From your comments, you seem to be confused about exactly what a shell is. The kernel is responsible for managing the system. It's the part that actually loads and runs programs, accesses files, allocates memory, etc. But the kernel has no user interface; you can only communicate with it by using another program as an intermediary.

A shell is a program that prints a prompt, reads a line of input from you, and then interprets it as one or more commands to manipulate files or run other programs. Before the invention of the GUI, the shell was the primary user interface of an OS. On MS-DOS, the shell was called command.com and people wouldn't usually change it. On Unix, however, there have long been multiple shells that users could pick from.

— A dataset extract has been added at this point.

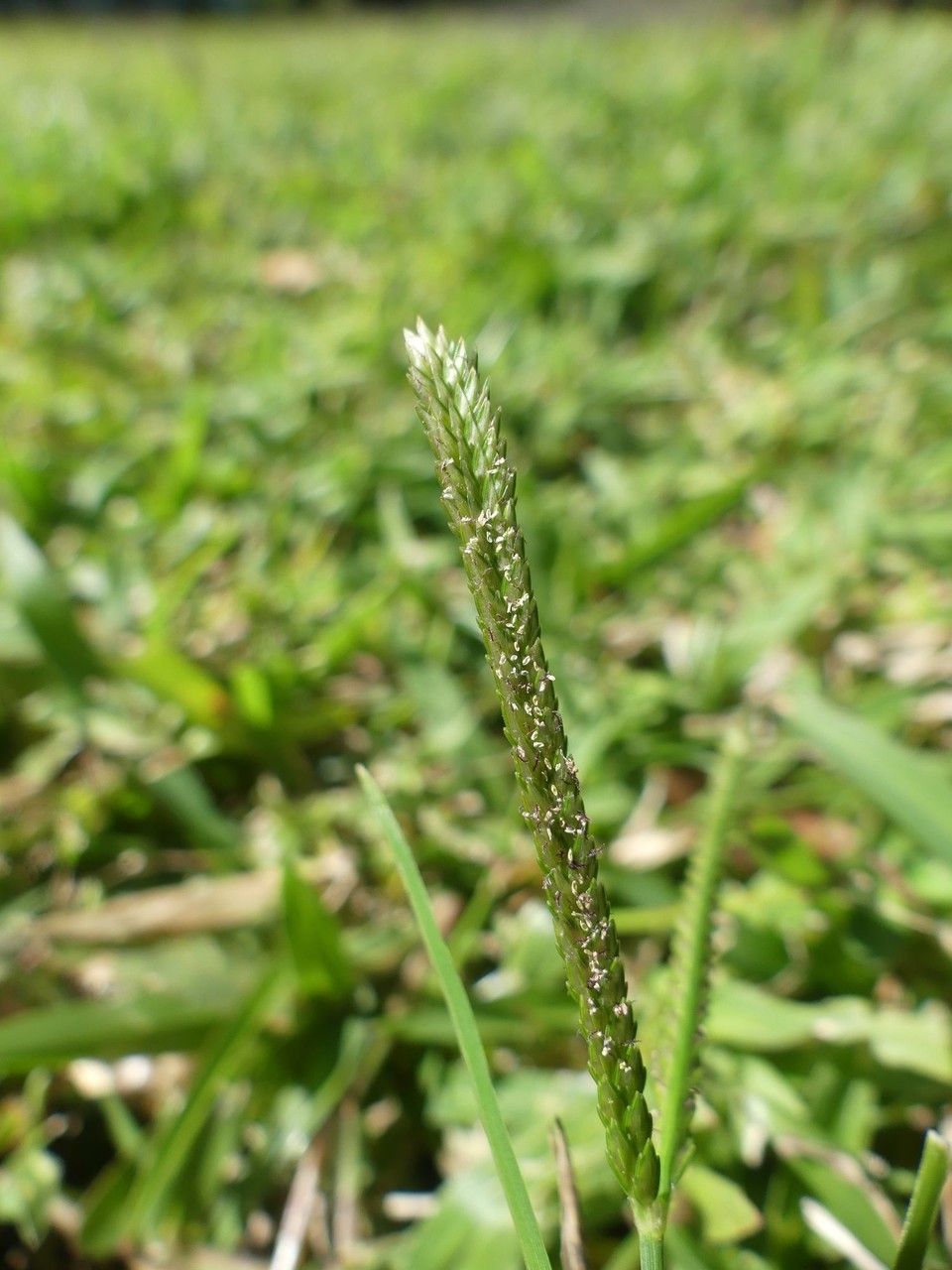 Cenchrus clandestinus flower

They can be divided into 3 types. The Bourne-compatible shells use the syntax derived from the original Bourne shell. C shells use the syntax from the original C shell. Then there are nontraditional shells that invent their own syntax, or borrow one from some programming language, and are generally much less popular than the first two types.

A built-in command is simply a command that the shell carries out itself, instead of interpreting it as a request to load and run some other program. This has two main effects. First, it's usually faster, because loading and running a program takes time. Of course, the longer the command takes to run, the less significant the load time is compared to the overall run time (because the load time is fairly constant).

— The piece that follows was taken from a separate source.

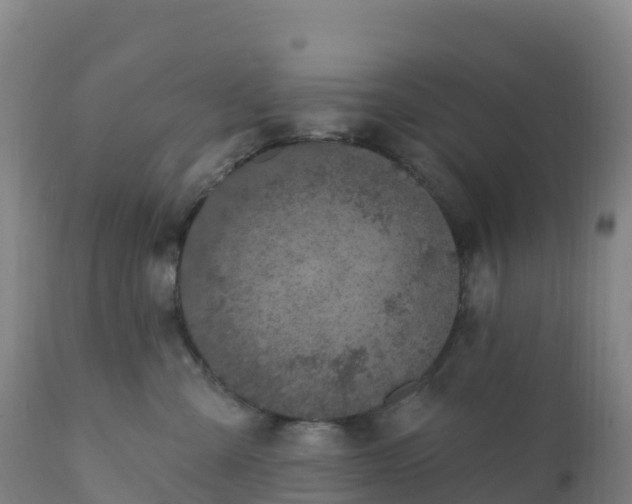 X0000112420427200908281843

Secondly, a built-in command can affect the internal state of the shell. That's why commands like cd must be built-in, because an external program can't change the current directory of the shell. Other commands, like echo, might be built-in for efficiency, but there's no intrinsic reason they can't be external commands.

Which commands are built-in depends on the shell that you're using. You'll have to consult its documentation for a list (e.g., bash's built-in commands are listed in Chapter 4 of its manual). The type command can tell you if a command is built-in (if your shell is POSIX-compatible), because POSIX requires that type be a built-in. If which is not a built-in in your shell, then it probably won't know about your shell's built-ins, but will just look for external programs.

Solution 2

There are three levels of built-in utilities:

  • Some utilities are really part of the shell as a programming language, even though they are not reserved words. They are control flow utilities (., :, break, continue, return, trap, exit, exec, eval), parameter-related utilities (set, unset, shift, export, readonly, local¹, typeset¹), alias utilities (alias², unalias²) and times³. These special built-ins get special treatment:

    • If you pass the wrong arguments to a special built-in, the shell itself may abort, rather than just skipping to the next command after displaying an error message.
    • The pre-assignment syntax foo=bar utility has a different meaning: it's an ordinary parameter assignment (i.e. equivalent to foo=bar; utility), instead of assigning to the environment for the duration of the utility only.
  • Some utilities need to be implemented inside the shell because they act on the shell's internal settings. This includes:

    • utilities that act on the shell's current directory such as cd, dirs, pushd, popd;
    • job control utilities such as bg, disown, fg, jobs, wait;
    • utilities that read or manipulate other shell attributes such as builtin, command, hash, read, type, ulimit, umask;
    • utilities related to interactive features, when they're present, such as fc, history, bind.
  • Some utilities are typically implemented as built-ins purely for performance: echo, printf, test, true, false.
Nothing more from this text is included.